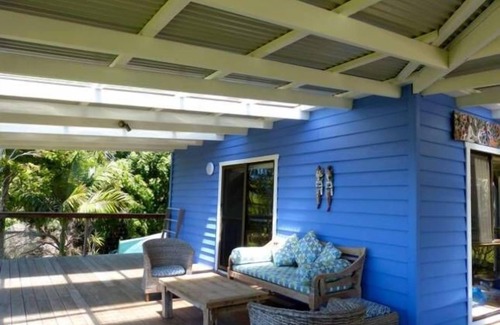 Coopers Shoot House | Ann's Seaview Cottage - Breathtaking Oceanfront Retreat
...
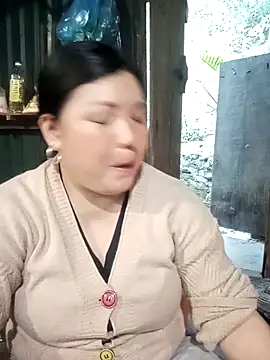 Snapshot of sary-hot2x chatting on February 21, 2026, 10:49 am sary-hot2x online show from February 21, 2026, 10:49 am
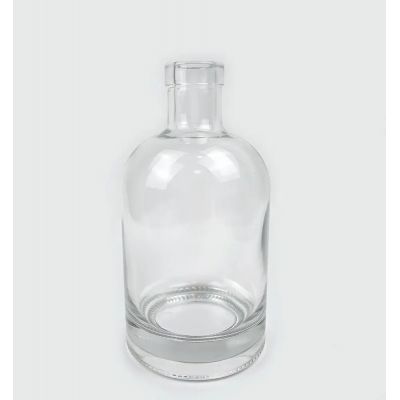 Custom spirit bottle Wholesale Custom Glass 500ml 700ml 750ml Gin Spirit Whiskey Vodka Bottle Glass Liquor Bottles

EXERCISE GOAL: Nothing but the lines above from the one that has "Snapshot of sary-hot2x" down to the one that has "Custom spirit bottle" belongs in the answer, copied exactly, without pictures.

PROBLEM SOLUTION:
 Snapshot of sary-hot2x chatting on February 21, 2026, 10:49 am sary-hot2x online show from February 21, 2026, 10:49 am
 Custom spirit bottle Wholesale Custom Glass 500ml 700ml 750ml Gin Spirit Whiskey Vodka Bottle Glass Liquor Bottles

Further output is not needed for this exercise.